The answer must be an exact reprint of the lines from the one with "OSM Oval Silvery" through the final line of the data, with no pictures included.

**Records for the task:**
--- START ---

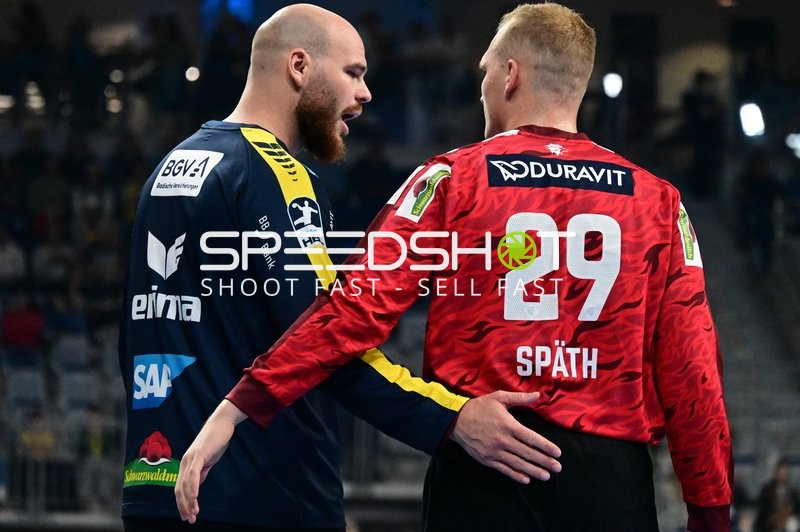 Mike Jensen (20; Rhein Neckar Löwen) und 29; FAG im Gespräch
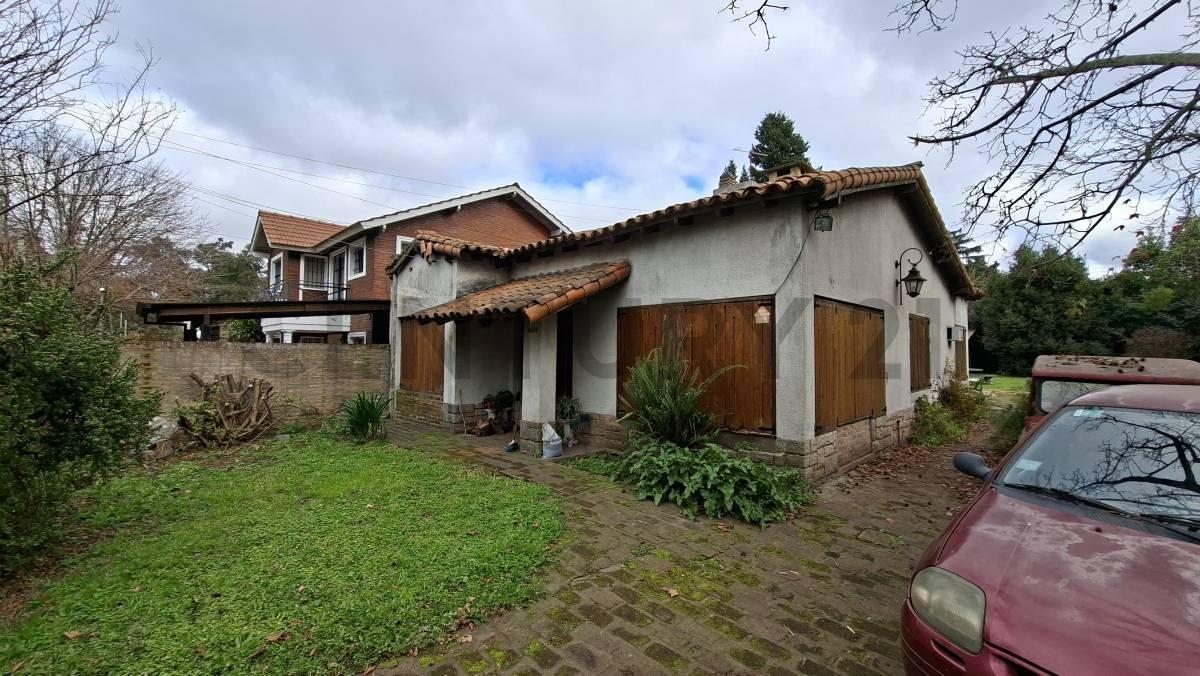 Foto de Venta casa 6 ambientes + departamento independiente, José Mármol 1900, imagen 1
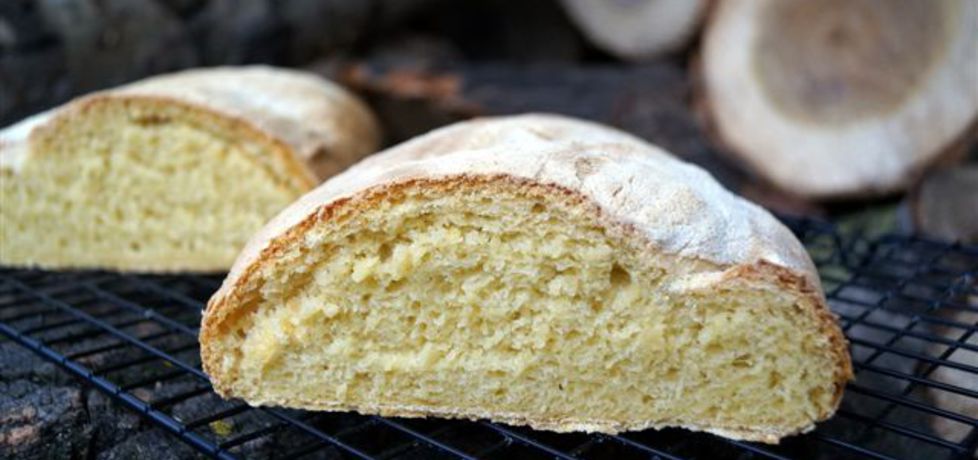 Chleb kukurydziany na zaczynie drożdżowym poolish (autor ...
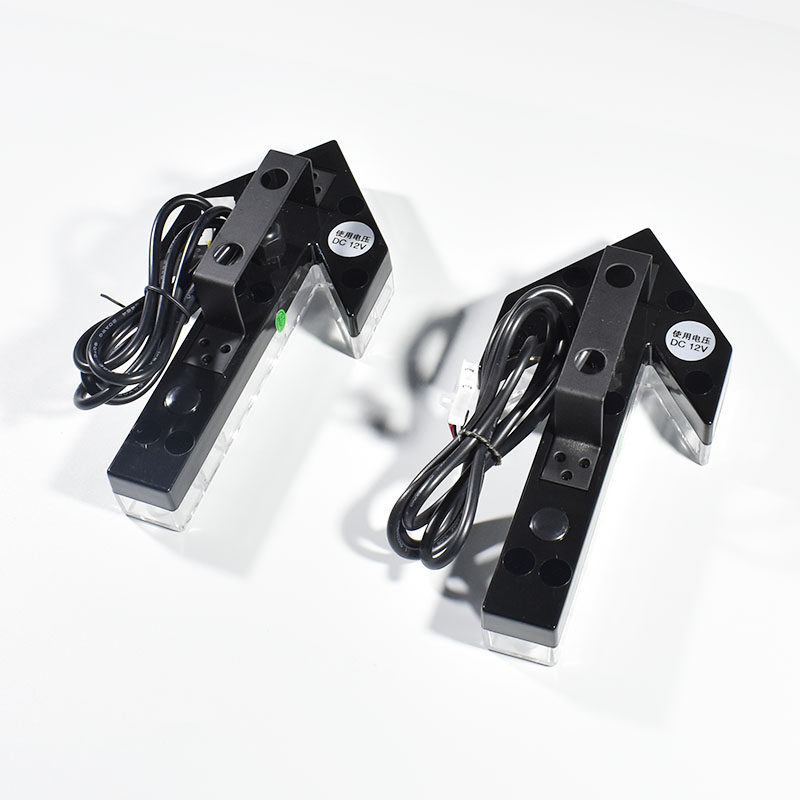 小型LED车载箭头灯 20CM警示爆闪 环卫车箭头灯 配件频闪导向箭头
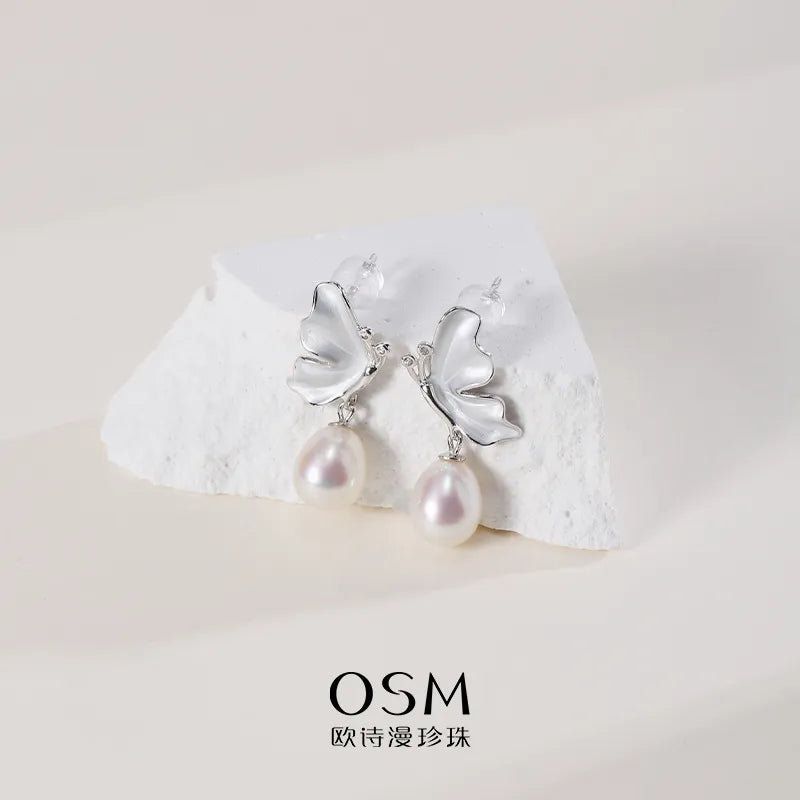 OSM Oval Silvery White Earrings 7–8mm – S925 Silver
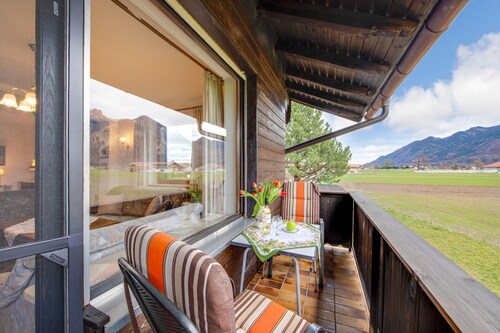 Apartment 1 with Mountain View, Wi-Fi & Balcony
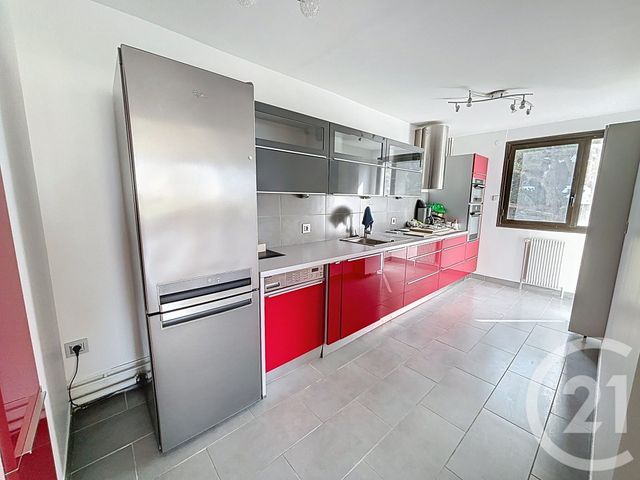 Appartement T3 à louer - 3 pièces - 70.4 m2 - MARSEILLE - 13008 - PROVENCE-ALPES-COTE-D-AZUR - Century 21 Can Transactions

--- END ---

**Solution for this task:**
 OSM Oval Silvery White Earrings 7–8mm – S925 Silver
 Apartment 1 with Mountain View, Wi-Fi & Balcony
 Appartement T3 à louer - 3 pièces - 70.4 m2 - MARSEILLE - 13008 - PROVENCE-ALPES-COTE-D-AZUR - Century 21 Can Transactions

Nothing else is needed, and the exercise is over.